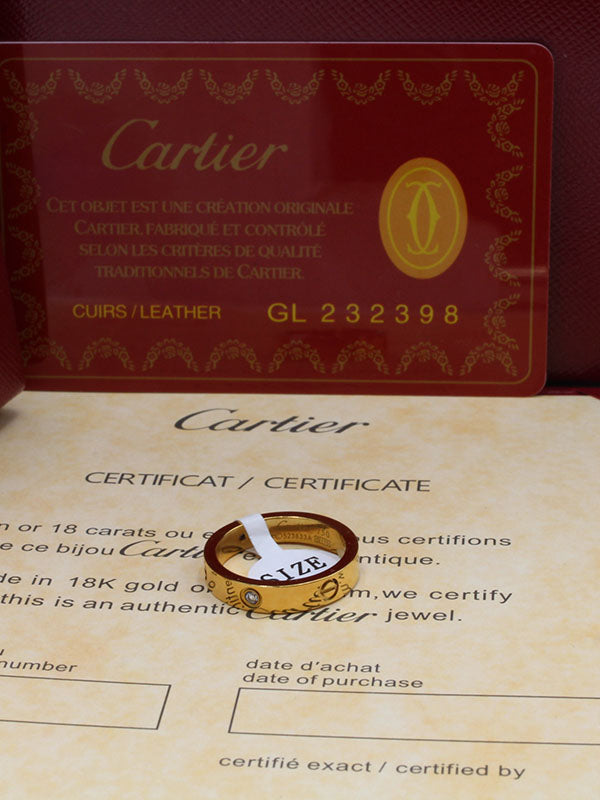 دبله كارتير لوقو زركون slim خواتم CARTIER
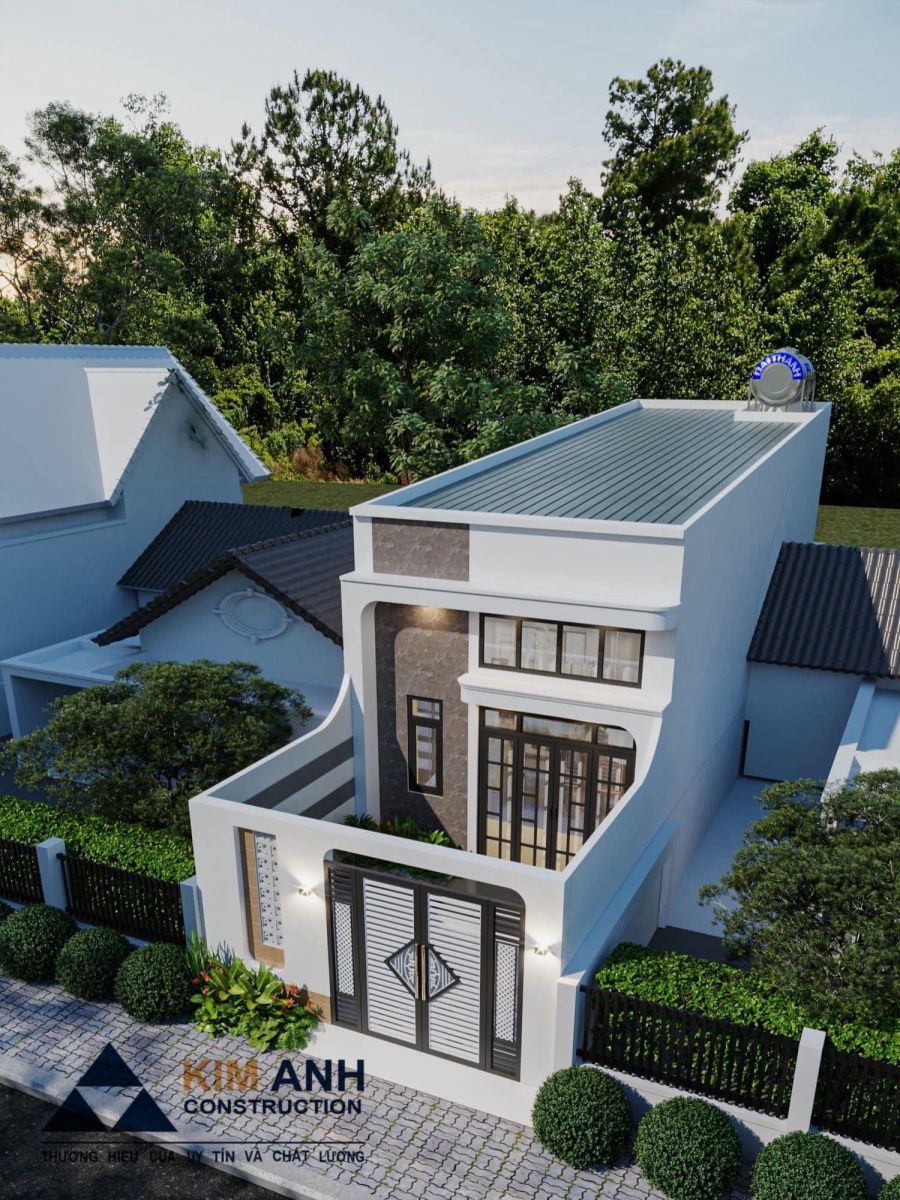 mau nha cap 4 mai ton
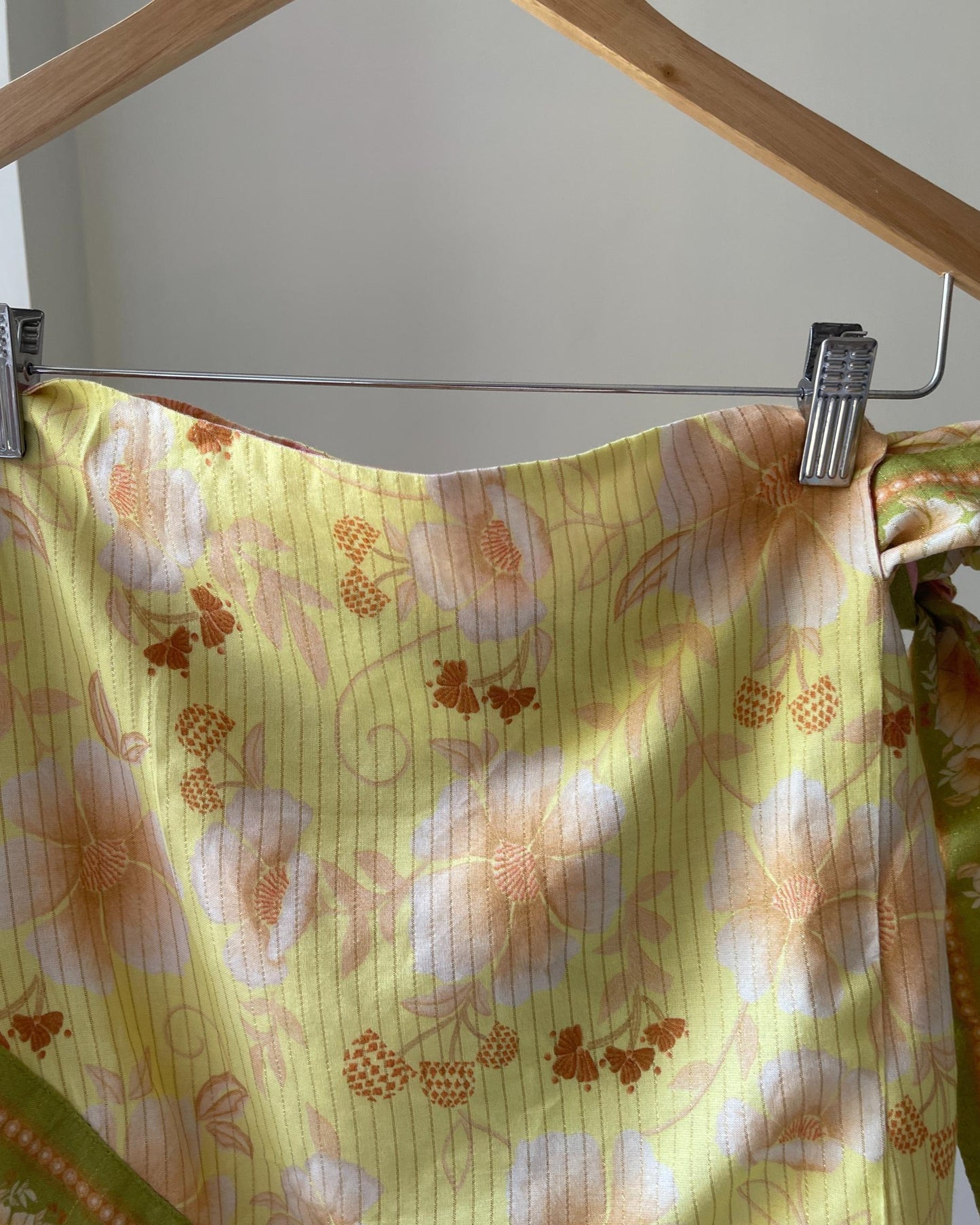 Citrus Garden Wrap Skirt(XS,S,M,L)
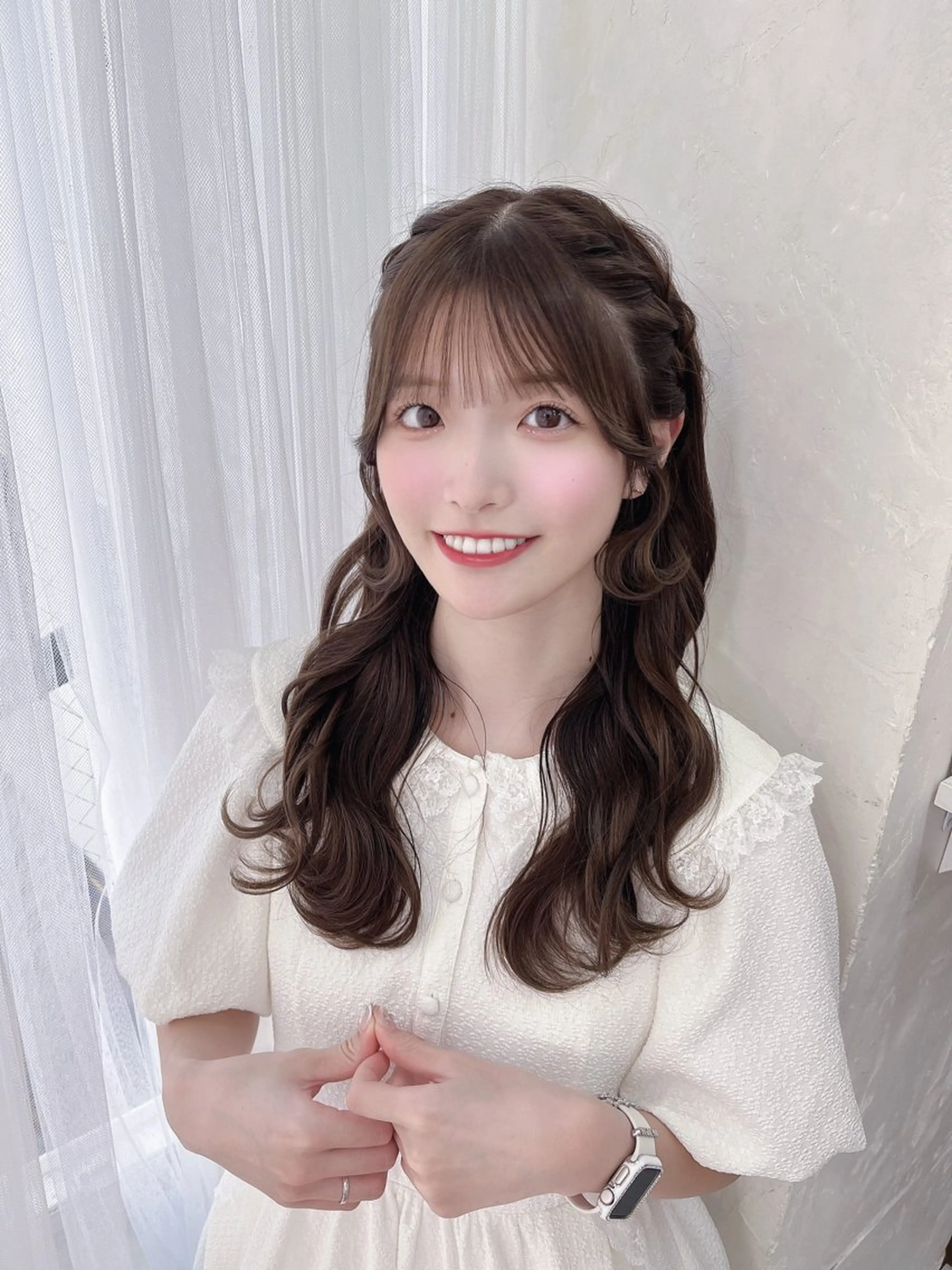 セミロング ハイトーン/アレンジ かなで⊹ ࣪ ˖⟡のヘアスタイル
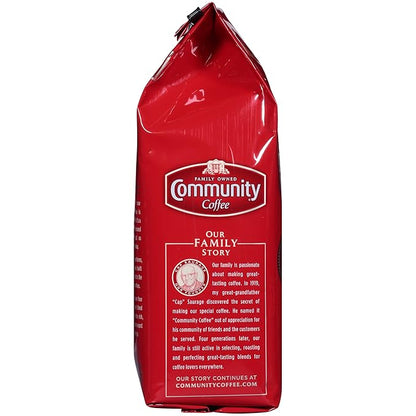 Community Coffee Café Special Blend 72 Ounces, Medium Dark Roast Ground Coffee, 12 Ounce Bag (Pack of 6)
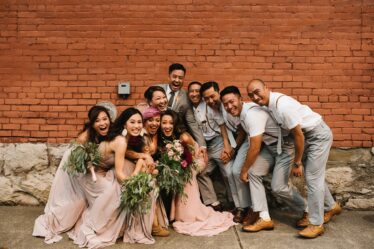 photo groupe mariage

---

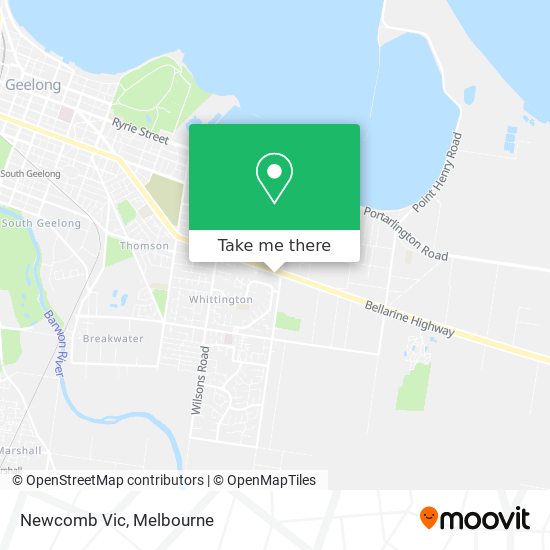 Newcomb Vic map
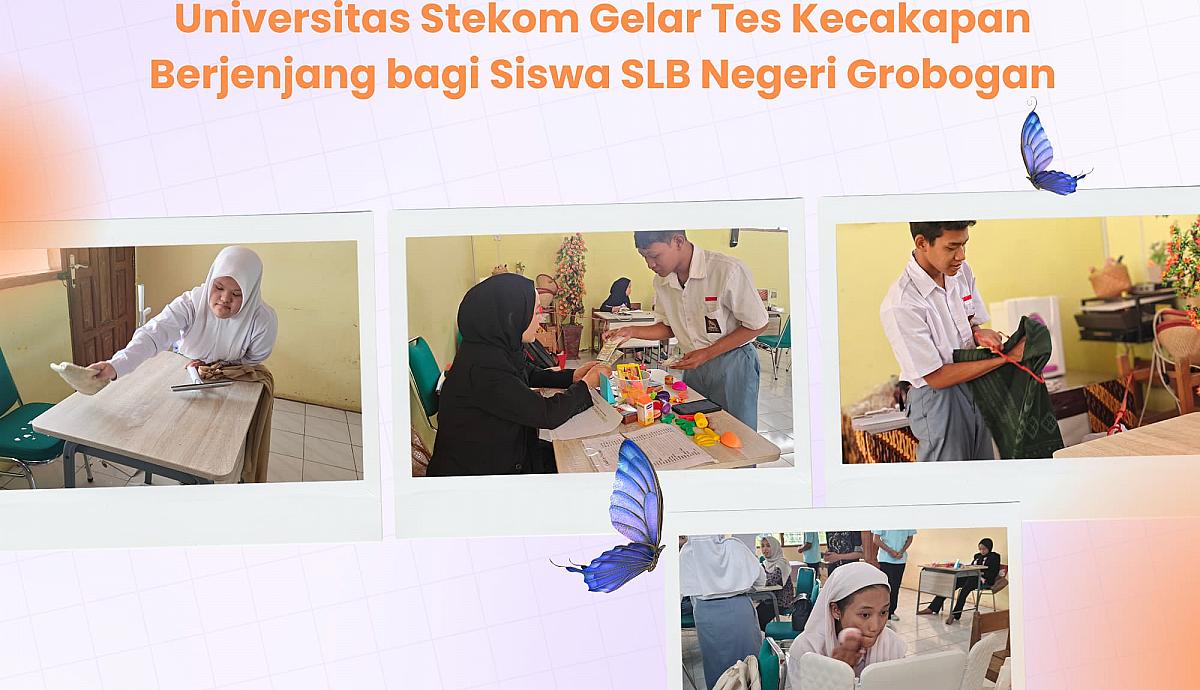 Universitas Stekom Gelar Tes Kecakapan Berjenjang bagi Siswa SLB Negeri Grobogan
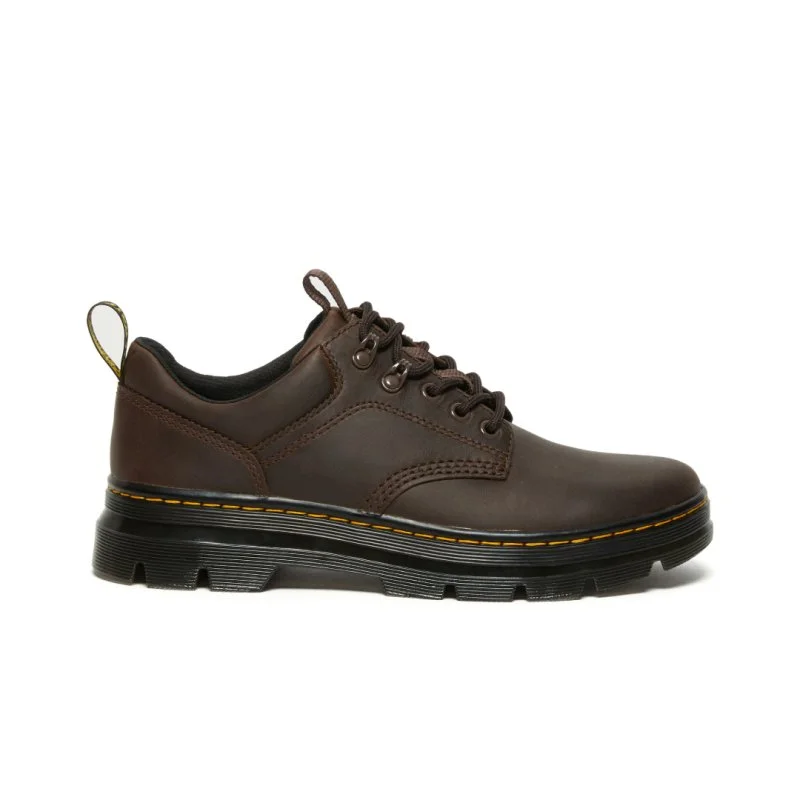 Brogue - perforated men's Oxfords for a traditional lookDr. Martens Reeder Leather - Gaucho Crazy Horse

* * *

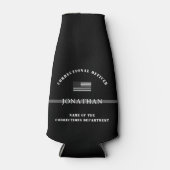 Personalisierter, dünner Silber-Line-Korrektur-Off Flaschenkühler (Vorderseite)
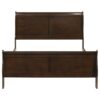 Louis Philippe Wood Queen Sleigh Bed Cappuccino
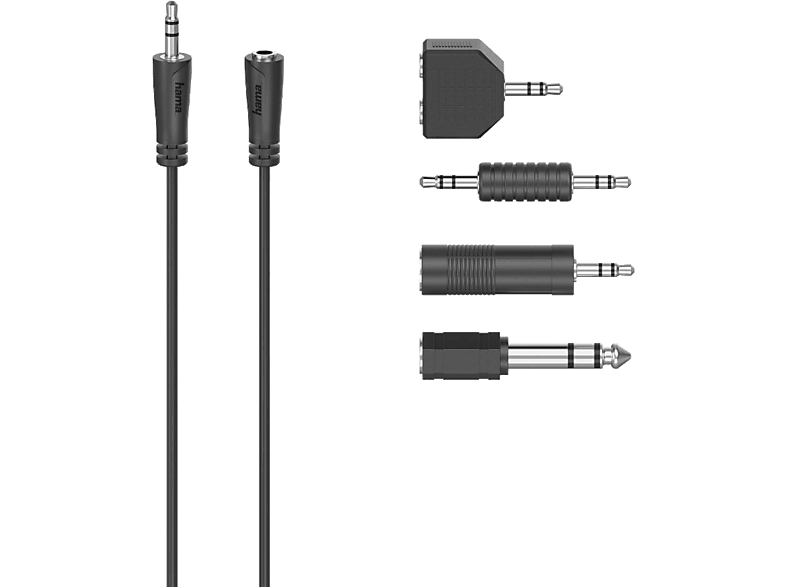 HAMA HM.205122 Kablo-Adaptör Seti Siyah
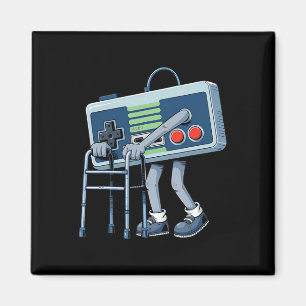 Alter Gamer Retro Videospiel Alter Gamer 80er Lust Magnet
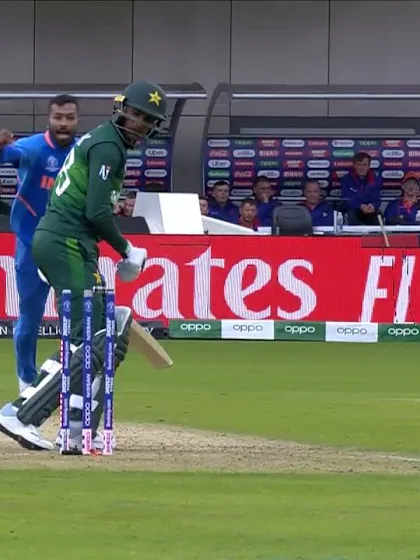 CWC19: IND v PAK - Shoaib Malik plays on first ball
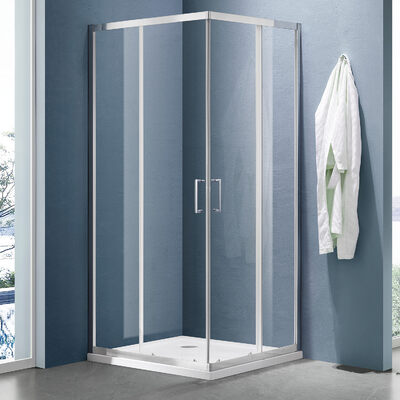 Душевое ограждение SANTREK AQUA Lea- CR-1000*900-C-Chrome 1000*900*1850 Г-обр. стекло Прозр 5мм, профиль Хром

**DESCRIPTION OF THE TASK**
Return exactly the lines above, from the one with "Universitas Stekom Gelar" up to and including the one with "Brogue - perforated", and include no pictures.

**TASK OUTPUT**
 Universitas Stekom Gelar Tes Kecakapan Berjenjang bagi Siswa SLB Negeri Grobogan
 Brogue - perforated men's Oxfords for a traditional lookDr. Martens Reeder Leather - Gaucho Crazy Horse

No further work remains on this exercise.